» **What to do**: Repeat all of the entries, please, keeping each line exact.

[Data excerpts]
= = = = = = =
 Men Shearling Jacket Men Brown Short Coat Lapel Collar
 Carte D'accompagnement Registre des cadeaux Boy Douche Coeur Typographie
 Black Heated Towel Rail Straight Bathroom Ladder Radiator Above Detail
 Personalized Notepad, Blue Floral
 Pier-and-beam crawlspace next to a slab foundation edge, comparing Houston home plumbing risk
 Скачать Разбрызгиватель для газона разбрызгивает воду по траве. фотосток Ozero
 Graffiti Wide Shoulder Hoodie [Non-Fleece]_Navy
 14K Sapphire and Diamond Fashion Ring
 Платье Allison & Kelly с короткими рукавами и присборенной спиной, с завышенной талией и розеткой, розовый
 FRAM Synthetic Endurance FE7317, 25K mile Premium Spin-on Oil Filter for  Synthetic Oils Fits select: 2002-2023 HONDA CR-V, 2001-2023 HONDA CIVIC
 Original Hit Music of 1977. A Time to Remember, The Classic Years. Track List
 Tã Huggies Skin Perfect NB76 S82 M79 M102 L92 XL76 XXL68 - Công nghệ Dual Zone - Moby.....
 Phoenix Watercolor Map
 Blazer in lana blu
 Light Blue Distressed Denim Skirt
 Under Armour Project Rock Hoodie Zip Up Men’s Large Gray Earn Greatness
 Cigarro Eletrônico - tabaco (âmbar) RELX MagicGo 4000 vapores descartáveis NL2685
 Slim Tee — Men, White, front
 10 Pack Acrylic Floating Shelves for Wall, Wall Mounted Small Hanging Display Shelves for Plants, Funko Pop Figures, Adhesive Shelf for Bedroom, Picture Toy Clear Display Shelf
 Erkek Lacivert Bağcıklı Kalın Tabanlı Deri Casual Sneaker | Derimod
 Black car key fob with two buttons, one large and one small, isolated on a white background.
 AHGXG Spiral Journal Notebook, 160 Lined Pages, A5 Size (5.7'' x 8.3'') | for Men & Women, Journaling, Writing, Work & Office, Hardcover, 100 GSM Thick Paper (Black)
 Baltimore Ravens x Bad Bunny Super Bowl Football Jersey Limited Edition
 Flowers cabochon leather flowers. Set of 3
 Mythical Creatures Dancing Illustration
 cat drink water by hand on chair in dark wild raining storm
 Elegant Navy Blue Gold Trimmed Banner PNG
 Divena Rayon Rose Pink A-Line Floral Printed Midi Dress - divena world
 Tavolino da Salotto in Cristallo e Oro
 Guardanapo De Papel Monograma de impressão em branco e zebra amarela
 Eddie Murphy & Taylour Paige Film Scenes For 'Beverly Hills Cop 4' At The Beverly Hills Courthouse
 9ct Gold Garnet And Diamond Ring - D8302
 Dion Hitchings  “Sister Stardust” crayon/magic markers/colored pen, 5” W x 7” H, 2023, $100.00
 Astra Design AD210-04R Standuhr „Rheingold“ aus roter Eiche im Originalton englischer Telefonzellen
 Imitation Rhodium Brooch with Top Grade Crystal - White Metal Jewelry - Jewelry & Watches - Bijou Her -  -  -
= = = = = = =
» **Answer to the exercise**:
 Men Shearling Jacket Men Brown Short Coat Lapel Collar
 Carte D'accompagnement Registre des cadeaux Boy Douche Coeur Typographie
 Black Heated Towel Rail Straight Bathroom Ladder Radiator Above Detail
 Personalized Notepad, Blue Floral
 Pier-and-beam crawlspace next to a slab foundation edge, comparing Houston home plumbing risk
 Скачать Разбрызгиватель для газона разбрызгивает воду по траве. фотосток Ozero
 Graffiti Wide Shoulder Hoodie [Non-Fleece]_Navy
 14K Sapphire and Diamond Fashion Ring
 Платье Allison & Kelly с короткими рукавами и присборенной спиной, с завышенной талией и розеткой, розовый
 FRAM Synthetic Endurance FE7317, 25K mile Premium Spin-on Oil Filter for  Synthetic Oils Fits select: 2002-2023 HONDA CR-V, 2001-2023 HONDA CIVIC
 Original Hit Music of 1977. A Time to Remember, The Classic Years. Track List
 Tã Huggies Skin Perfect NB76 S82 M79 M102 L92 XL76 XXL68 - Công nghệ Dual Zone - Moby.....
 Phoenix Watercolor Map
 Blazer in lana blu
 Light Blue Distressed Denim Skirt
 Under Armour Project Rock Hoodie Zip Up Men’s Large Gray Earn Greatness
 Cigarro Eletrônico - tabaco (âmbar) RELX MagicGo 4000 vapores descartáveis NL2685
 Slim Tee — Men, White, front
 10 Pack Acrylic Floating Shelves for Wall, Wall Mounted Small Hanging Display Shelves for Plants, Funko Pop Figures, Adhesive Shelf for Bedroom, Picture Toy Clear Display Shelf
 Erkek Lacivert Bağcıklı Kalın Tabanlı Deri Casual Sneaker | Derimod
 Black car key fob with two buttons, one large and one small, isolated on a white background.
 AHGXG Spiral Journal Notebook, 160 Lined Pages, A5 Size (5.7'' x 8.3'') | for Men & Women, Journaling, Writing, Work & Office, Hardcover, 100 GSM Thick Paper (Black)
 Baltimore Ravens x Bad Bunny Super Bowl Football Jersey Limited Edition
 Flowers cabochon leather flowers. Set of 3
 Mythical Creatures Dancing Illustration
 cat drink water by hand on chair in dark wild raining storm
 Elegant Navy Blue Gold Trimmed Banner PNG
 Divena Rayon Rose Pink A-Line Floral Printed Midi Dress - divena world
 Tavolino da Salotto in Cristallo e Oro
 Guardanapo De Papel Monograma de impressão em branco e zebra amarela
 Eddie Murphy & Taylour Paige Film Scenes For 'Beverly Hills Cop 4' At The Beverly Hills Courthouse
 9ct Gold Garnet And Diamond Ring - D8302
 Dion Hitchings  “Sister Stardust” crayon/magic markers/colored pen, 5” W x 7” H, 2023, $100.00
 Astra Design AD210-04R Standuhr „Rheingold“ aus roter Eiche im Originalton englischer Telefonzellen
 Imitation Rhodium Brooch with Top Grade Crystal - White Metal Jewelry - Jewelry & Watches - Bijou Her -  -  -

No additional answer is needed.